QUALI RIFLESSI SULL’OCCUPAZIONE?

Il caro-bollette, apparentemente destinato a vessare cittadini e attività ancora per mesi, potrebbe influenzare le dinamiche anche sul fronte occupazionale, un ambito nel quale i ristoratori, nell’ultmo anno, hanno sofferto una grossa carenza di personale. Al di là delle chiavi di lettura del fenomeno (il reddito di cittadinanza scoraggia i lavoratori, la pandemia ha fatto riscoprire l’importanza della vita privata, e così via…) resta la reale difficoltà, patita soprattutto nei mesi estivi.

Baldo del Beat si è inventato un corso gratuito di quattro moduli per formare personale in modo già mirato sulle dinamiche di sala.

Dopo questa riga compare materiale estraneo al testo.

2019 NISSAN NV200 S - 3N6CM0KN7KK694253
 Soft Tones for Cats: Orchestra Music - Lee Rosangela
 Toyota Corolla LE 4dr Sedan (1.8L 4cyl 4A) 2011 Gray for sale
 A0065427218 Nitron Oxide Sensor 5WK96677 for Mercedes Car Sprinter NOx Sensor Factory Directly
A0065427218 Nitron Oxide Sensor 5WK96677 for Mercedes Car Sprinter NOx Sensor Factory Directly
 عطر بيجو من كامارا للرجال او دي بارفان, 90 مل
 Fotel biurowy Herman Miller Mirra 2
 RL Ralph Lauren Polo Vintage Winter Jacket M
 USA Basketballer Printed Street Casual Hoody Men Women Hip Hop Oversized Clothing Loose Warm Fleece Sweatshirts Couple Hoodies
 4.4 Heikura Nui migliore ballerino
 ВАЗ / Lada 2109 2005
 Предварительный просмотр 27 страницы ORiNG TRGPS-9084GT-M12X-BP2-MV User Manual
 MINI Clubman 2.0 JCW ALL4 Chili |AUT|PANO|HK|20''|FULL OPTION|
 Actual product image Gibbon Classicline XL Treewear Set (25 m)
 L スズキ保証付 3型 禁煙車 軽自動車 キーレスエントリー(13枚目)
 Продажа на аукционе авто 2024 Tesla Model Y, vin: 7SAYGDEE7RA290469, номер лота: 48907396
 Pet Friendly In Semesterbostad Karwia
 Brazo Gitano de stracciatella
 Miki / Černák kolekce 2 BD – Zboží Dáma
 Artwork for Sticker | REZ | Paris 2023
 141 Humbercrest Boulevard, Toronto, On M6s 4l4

Era disposto ad assumere, a prezzo di contratto nazionale (1300-1500 euro), ma tra defezioni e ragazzi troppo giovani per accettare orari serali inoltrati, i contratti sono rimasti a zero. “Questa situazione ci ha fatto rivedere il business plan, il personale scarseggia e quindi lo si paga di più, la voce è passata dal 32% al 36% del budget di spesa”. L’imprenditore si dice comunque convinto che il vento cambierà anche in funzione del caro energia che, purtroppo per tutti, graverà molto anche sulle famiglie, riportando in primo piano il bisogno di un posto di lavoro sicuro, anche se faticoso. Silvestrini della Fabbrica di Pedavena conferma. Spiega di avere un abbonamento a un portale che seleziona le richieste di lavoro: “dopo un’estate di carenza totale, da qualche giorno ho notato una crescita di annunci di ricerca lavoro”. In molti si dicono convinti che i contratti nazionali, vecchi e inadeguati, debbano cambiare, con una predisposizione all’elasticità, magari anche con formule come i vaucher.